1. Lingkungan pengendalian/control environment
Seorang ibu memiliki seorang anak yang bersekolah SD. Ia memiliki tujuan terhadap anaknya “Anaknya harus selalu memakan makanan yang sehat”.

Sehari-hari, sang ibu memakan makanan yang sehat, empat sehat lima sempurna, tidak pernah jajan diluar. Ini contoh yang baik bagi sang anak.
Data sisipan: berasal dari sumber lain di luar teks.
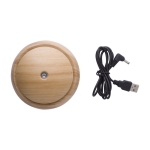 Humidificador de ABS com aparência de madeira e luzes LED coloridas cor castanho sexta vista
2. Penilaian resiko/risk assessment
Sang ibu mengidentifikasi resiko anaknya makan makanan yang tidak sehat di SD-nya. Ternyata di SD banyak tukang jajanan yang tidak sehat seperti gorengan, mie goreng dan sate. Ia menganalisis anaknya tidak suka gorengan dan sate tetapi sangat suka mie goreng dan menilai kemungkinan anaknya memakan mie goreng akan lebih besar dibanding kedua makanan yang lain.

3. Aktivitas pengendalian/control activities
Sang ibu membuat kebijakan kepada anaknya untuk tidak makan gorengan, mie goreng dan sate di sekolah. Dan untuk mengendalikan resiko yang paling besar, yaitu anaknya memakan mie goreng di sekolah, sang ibu setiap hari akan memasakkan sendiri mie goreng yang sehat.

4. Informasi dan komunikasi/information and communication
Sang ibu mengkomunikasikan kepada anaknya untuk tidak makan gorengan, mie goreng dan sate di sekolah dan bahwasannya setiap hari ibu akan membuatkan bekal mie goreng untuknya. Sang ibu juga memberitahukan kepada pedagang ketiga makanan tersebut untuk tidak menjual makanannya ke anaknya. Selain itu sang ibu juga memberitahukan guru-guru dan teman-teman sang anak bahwa anaknya tidak boleh makan ketiga makanan tersebut.

5. Pengawasan/monitoring
Setiap minggu sang ibu mengevaluasi apakah pengendaliannya ini cukup efektif mencegah anaknya memakan makanan yang tidak sehat.